Alongside Garth came Tim McGraw, who started singing about being an Indian Outlaw despite actually being a minor league baseball player’s son who ended up marrying Faith Hill, country music’s equivalent of Celine Dion. McGraw played the O2 Arena as part of the first Country2Country festival in London, offering some uptempo tunes about love and the majestic key change of Live Like You Were Dying. His recent album Here On Earth sounded to me like someone in a boardroom said, ‘Let’s make an album that sounds exactly like Tim McGraw’s greatest hits!’

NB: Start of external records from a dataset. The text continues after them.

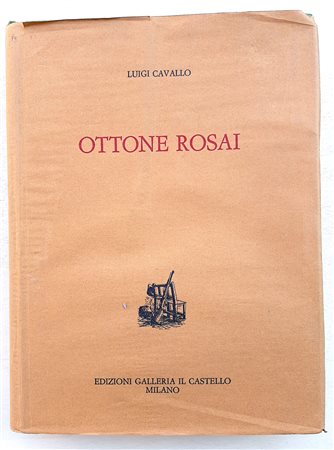 OTTONE ROSAI – Catalogo di Luigi Cavallo, 1973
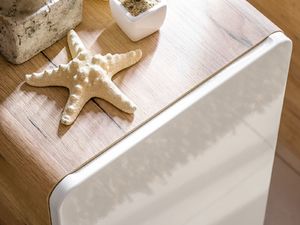 Comad Szafka łazienkowa ARUBA 35 cm biała/dąb wisząca mała COMAD 5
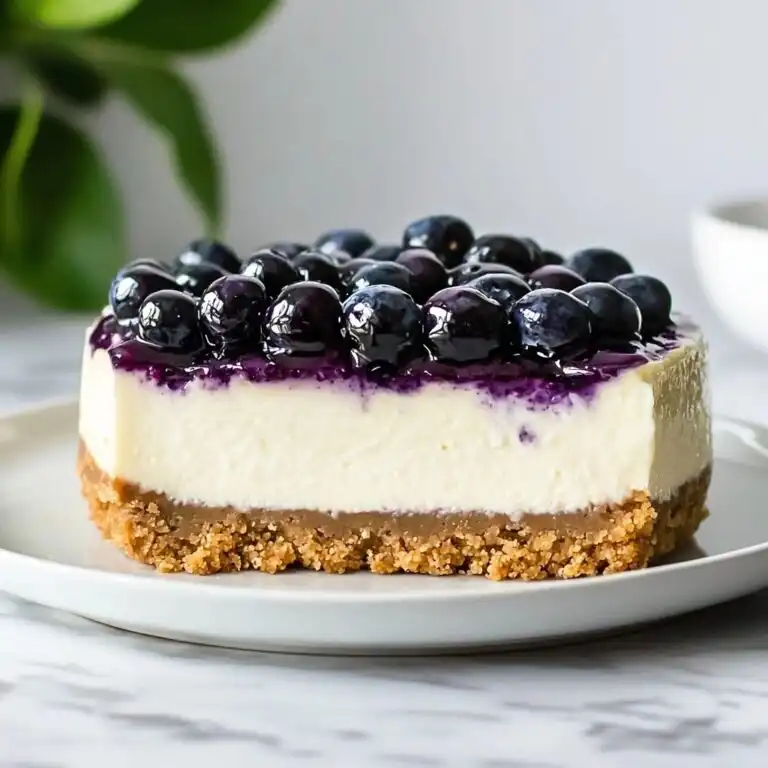 No Bake Blueberry Cheesecake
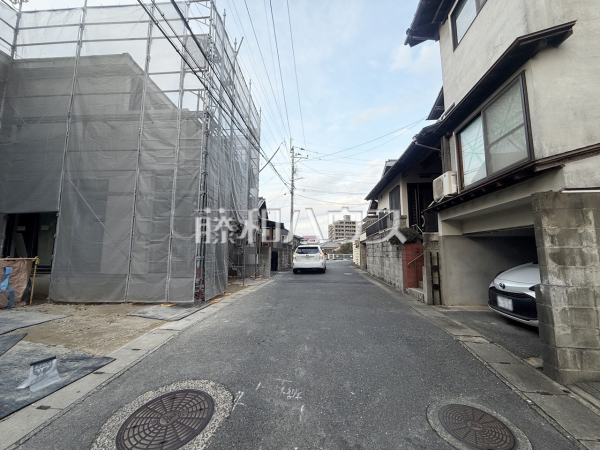 接道状況および現場風景　【福岡市城南区堤２丁目】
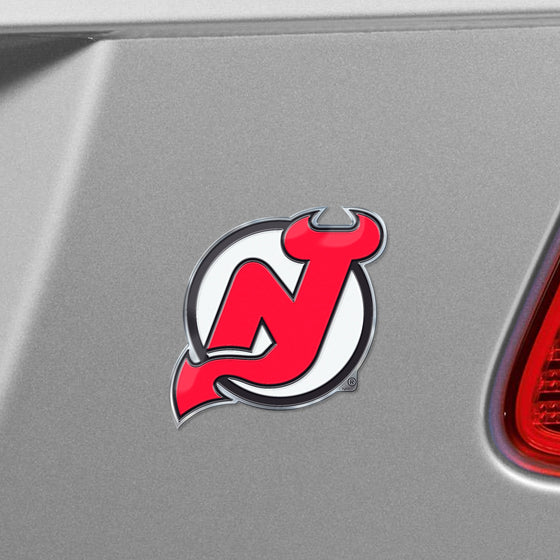 New Jersey Devils Heavy Duty Aluminum Embossed Color Emblem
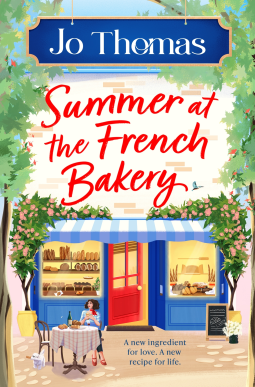 book cover for Summer at the French Bakery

There are plenty of stars like McGraw who have dominated radio and headlined arenas. Luke Bryan was the Trojan Horse for putting loops and 808s onto country radio, yet he kept to his country roots by playing gigs on farms and bringing out Spring Break EPs. Luke’s winning smile helped sell songs that rhymed ‘catfish dinner’ and ‘winner winner’.
Jason Aldean has had over 30 number ones in his career, all of which sound eerily similar to each other because the formula works. This muscular, masculine country music was the sound of corporate country much as corporate rock became the domain of blokes with a ‘yarl’ in their voice. The ‘yarl’ is the vocal tone that made them sound like the multiplatinum-selling band Pearl Jam, who forsook corporate rock by taking on Ticketmaster. They lost the battle but won the war and are now the world’s leading independent rock band.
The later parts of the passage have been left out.